Criou-se um processo civilizatório extremamente complexo, com sucessivas
revoluções: a industrial, a nuclear, a cibernética, a da
nanotecnologia, a da informação até alcançar o nosso tempo.
Primeiramente,
domesticaram-se vegetais e cereais selvagens, provavelmente, por
mulheres mais observadoras dos ritmos da natureza. Tudo parece ter se
iniciado no Oriente Médio entre os rios Tigre e Eufrates e no vale do
Indus da Índia. Ai se domesticou o trigo, a cevada, a lentilha, a fava e
a ervilha. Na América Latina foi o milho, o abacate, o tomate, a
mandioca e os feijões. No Oriente foi o arroz e o milhete. Na Africa, o
milho e o sorgo. Em seguida, por volta de 8.500 a.C. se domesticaram
espécies animais, a começar pelas cabras, carneiros, depois o boi e o
porco. Entre os galináceos a galinha foi a primeira. Tudo foi facilitado
com a invenção da roda, da enxada e do arado e de outros utensílios de
metal por volta de 4.000 a.C.
Estes poucos dados hoje são
levantados cientificamente por arqueólogos e etnobiólogos, usando as
mais modernas tecnologias do carbono radioativo, do microscópio
eletrônico e da análise química de sedimentos, de cinzas, de pólens, de
ossos e carvões de madeiras. Os resultados permitem reconstituir como
era a ecologia local e como se operava a utilização econômica por parte das populações humanas.
Ao
plantar e colher trigo ou arroz elas podiam criar reservas, organizar a
alimentação dos grupos, fazer crescer a família e assim a população.
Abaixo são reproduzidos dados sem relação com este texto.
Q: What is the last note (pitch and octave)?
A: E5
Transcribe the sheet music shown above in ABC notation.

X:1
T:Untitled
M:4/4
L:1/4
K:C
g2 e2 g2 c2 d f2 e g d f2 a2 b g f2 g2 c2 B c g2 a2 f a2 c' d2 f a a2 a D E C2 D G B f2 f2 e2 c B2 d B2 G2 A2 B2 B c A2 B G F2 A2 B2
Teve que ganhar a vida com o suor do seu rosto. E o fez com furor. O
avanço da agricultura e da criação de animais fez desaparecer
lentamente a décima parte de toda a vegetação selvagem e de animais. Não
havia ainda a preocupação com a gestão responsável do meio ambiente. E é
também difícil de imaginá-la, dada a riqueza dos recursos naturais e a
capacidade de regeneração dos ecossistemas.
De todas as formas, o
neolítico pôs em marcha um processo que nos alcança até os dias de hoje.
A segurança alimentar e o grande banquete que a revolução agrícola
poderia ter preparado para toda a humanidade, no qual todos seriam
igualmente comensais, não pôde ser ainda celebrado. Mais de 1 bilhão de
seres humanos estão ao pé da mesa, esperando alguma migalha para poderem
matar a fome.
A Cúpula Mundial da Alimentação celebrada em
Roma em 1996 que se propôs erradicar a fome até 2015 diz que “a
seguridade alimentar existe quando todos os seres humanos têm, a todo o
momento, um acesso físico e econômico
a uma alimentação suficiente, sã e nutritiva, permitindo-lhes
satisfazer suas necessidades energéticas e suas preferências alimentares
a fim de levar uma vida sã e ativa”. Esse propósito foi assumido pelas
Metas do Milênio da ONU. Lamentavelmente, a própria FAO comunicou em
1998 e agora a ONU que estes propósitos não serão alcançados a menos que
se supere o fosso demasiadamente grande das desigualdades sociais.
Enquanto
não dermos este salto, não completaremos nossa humanidade. Esse é o
grande desafio do século 21: tornarmo-nos plenamente humanos.